++++ Task data ++++
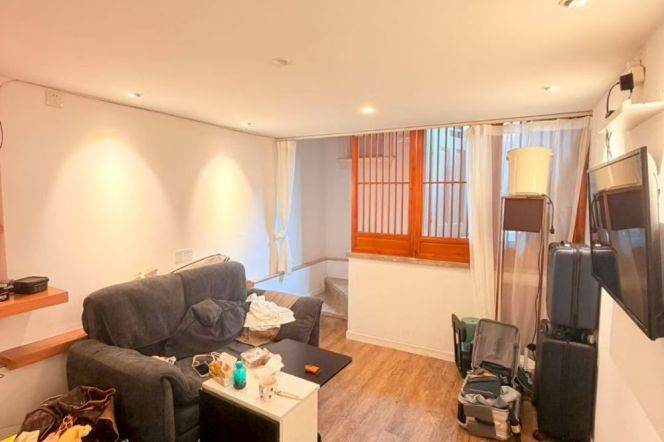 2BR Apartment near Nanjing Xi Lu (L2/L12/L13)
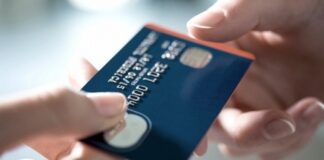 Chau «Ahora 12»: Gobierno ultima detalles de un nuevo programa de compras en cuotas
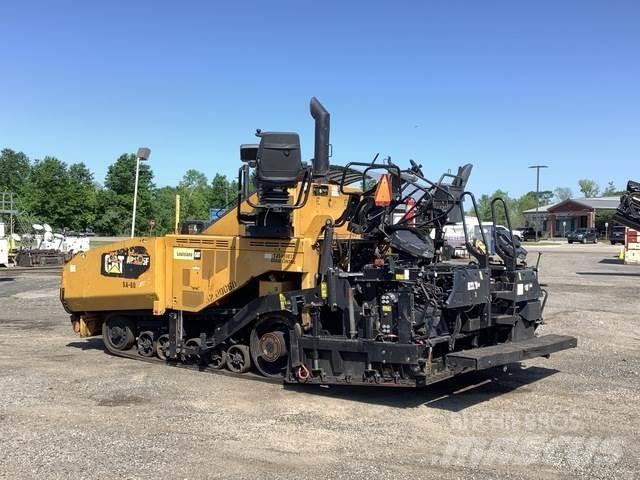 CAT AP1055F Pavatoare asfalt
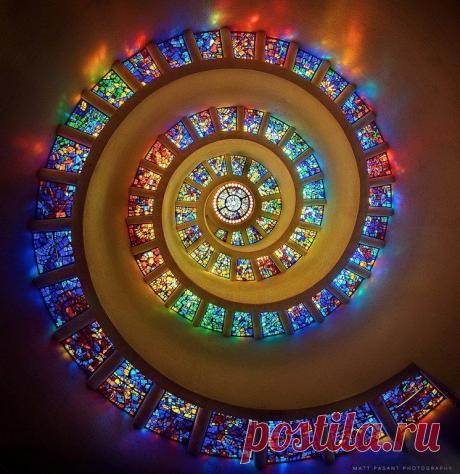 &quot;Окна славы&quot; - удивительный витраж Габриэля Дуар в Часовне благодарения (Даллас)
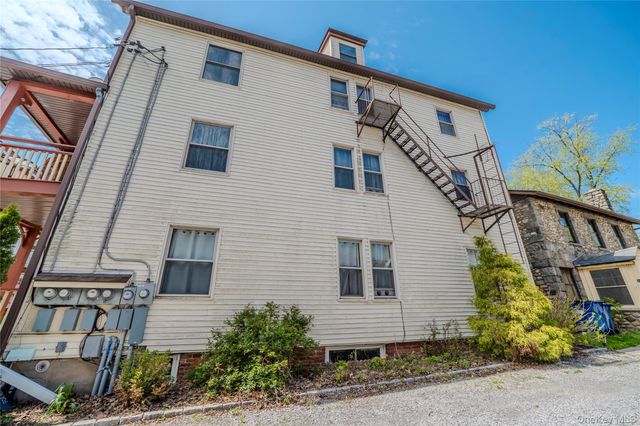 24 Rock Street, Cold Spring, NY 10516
++++
### What is needed
Copy out every line above without change, dropping the pictures.

### Output for this task
 2BR Apartment near Nanjing Xi Lu (L2/L12/L13)
 Chau «Ahora 12»: Gobierno ultima detalles de un nuevo programa de compras en cuotas
 CAT AP1055F Pavatoare asfalt
 &quot;Окна славы&quot; - удивительный витраж Габриэля Дуар в Часовне благодарения (Даллас)
 24 Rock Street, Cold Spring, NY 10516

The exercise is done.